Stocks prone to speculative trade dragged Dubai's equity index down on Wednesday while Egypt's blue chip developer Talaat Mostafa outperformed on news its former chairman has been pardoned and named chief executive. Dubai's index fell 0.7 percent in the lowest daily volume in one year.
Shares of builder Arabtec dropped 8.5 percent; on Wednesday the company said it has raised 1.5 billion dirhams in equity as part of its recapitalisation programme and "extinguished the company's accumulated losses of AED 4.6 billion as at December 31 2016".

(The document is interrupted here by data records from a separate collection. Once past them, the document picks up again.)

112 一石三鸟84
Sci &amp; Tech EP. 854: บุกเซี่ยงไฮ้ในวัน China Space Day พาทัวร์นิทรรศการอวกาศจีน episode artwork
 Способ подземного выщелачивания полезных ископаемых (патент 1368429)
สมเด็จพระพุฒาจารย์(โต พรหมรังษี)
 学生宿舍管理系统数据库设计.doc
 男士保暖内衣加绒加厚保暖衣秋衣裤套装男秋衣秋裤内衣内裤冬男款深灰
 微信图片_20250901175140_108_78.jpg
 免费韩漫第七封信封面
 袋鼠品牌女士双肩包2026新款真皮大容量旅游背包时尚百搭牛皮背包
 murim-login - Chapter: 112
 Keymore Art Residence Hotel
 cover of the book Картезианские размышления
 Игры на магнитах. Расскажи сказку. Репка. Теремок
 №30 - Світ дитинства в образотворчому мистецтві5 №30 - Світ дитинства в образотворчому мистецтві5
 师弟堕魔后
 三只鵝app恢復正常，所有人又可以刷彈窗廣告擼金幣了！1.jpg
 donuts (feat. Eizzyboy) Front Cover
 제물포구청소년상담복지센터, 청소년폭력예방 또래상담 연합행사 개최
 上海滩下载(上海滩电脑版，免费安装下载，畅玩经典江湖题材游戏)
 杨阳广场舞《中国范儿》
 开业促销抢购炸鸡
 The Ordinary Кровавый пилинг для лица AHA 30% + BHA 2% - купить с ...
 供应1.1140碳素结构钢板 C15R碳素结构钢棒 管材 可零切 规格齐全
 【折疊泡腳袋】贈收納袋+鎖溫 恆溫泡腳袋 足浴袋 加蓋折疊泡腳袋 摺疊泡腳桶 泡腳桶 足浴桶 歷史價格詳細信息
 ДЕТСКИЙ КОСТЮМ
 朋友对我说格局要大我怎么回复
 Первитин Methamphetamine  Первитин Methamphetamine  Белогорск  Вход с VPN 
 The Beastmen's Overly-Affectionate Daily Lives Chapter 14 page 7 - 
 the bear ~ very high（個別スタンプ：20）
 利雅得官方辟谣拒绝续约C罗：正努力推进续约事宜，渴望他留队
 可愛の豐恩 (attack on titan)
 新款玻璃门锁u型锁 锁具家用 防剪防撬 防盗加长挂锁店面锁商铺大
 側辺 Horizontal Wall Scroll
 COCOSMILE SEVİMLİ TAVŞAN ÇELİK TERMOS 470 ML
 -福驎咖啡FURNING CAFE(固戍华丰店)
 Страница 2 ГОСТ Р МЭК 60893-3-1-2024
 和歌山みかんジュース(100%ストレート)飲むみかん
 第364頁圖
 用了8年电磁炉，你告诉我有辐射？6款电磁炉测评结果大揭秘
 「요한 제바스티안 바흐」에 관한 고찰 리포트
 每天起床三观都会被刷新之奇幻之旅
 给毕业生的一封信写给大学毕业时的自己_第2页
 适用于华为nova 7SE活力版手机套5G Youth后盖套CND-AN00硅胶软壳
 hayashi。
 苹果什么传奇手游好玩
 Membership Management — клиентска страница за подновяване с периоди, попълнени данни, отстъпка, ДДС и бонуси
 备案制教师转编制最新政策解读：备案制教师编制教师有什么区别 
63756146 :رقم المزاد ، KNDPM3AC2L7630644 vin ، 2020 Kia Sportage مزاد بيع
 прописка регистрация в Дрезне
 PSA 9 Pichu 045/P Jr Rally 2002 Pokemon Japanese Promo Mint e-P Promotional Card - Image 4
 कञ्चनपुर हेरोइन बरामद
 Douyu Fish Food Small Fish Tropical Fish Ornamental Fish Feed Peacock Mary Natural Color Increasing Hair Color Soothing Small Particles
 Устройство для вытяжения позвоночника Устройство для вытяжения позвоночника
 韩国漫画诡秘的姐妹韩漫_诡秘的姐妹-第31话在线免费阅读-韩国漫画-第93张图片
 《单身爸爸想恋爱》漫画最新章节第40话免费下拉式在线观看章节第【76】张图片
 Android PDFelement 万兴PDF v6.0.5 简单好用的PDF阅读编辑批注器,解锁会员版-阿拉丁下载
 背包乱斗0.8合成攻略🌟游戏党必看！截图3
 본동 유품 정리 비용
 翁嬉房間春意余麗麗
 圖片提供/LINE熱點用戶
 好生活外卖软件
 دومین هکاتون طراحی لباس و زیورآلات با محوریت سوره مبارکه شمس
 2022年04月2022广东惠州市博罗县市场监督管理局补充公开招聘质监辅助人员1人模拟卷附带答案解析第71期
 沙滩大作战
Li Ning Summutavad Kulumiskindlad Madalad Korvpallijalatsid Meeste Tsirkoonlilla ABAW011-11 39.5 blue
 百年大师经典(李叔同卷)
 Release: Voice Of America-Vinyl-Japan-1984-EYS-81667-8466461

GFH Financial, the most heavily traded stock, however, climbed 3.1 percent on news that it had agreed to sell part of its real estate portfolio, which it said had an "approximate value" of $55 million. The book value of the asset is $20 million. In neighbouring Abu Dhabi, some large caps, which were the main drag on the bourse earlier in the session, reversed course and helped take the index 0.4 percent higher. First Abu Dhabi added 1.4 percent to 10.65 dirhams ($2.90) after hitting a session low of 10.40 dirhams.
Kuwait's index closed flat in very thin trade. Blue chip banks outperformed with Warba Bank adding 1.2 percent while Boubyan Petrochemical lost 1.0 percent. Cairo's Talaat Mostafa Group jumped 5.8 percent in unusually heavy trade after the developer said it has appointed former chairman Hisham Talaat Mostafa as its chief executive.
Last Friday Mostafa was among 502 prisoners pardoned by Egyptian President Abdel Fattah al-Sisi. He had been sentenced in 2010 to 15 years in prison for hiring a hitman to kill a Lebanese pop star. He was pardoned on health concerns, security sources told Reuters. Shares of Telecom Egypt rose 1.5 percent following last Thursday's news that the state-owned landline monopoly will secure a loan of up to 13 billion Egyptian pounds ($718.23 million) to improve infrastructure and mobile internet services.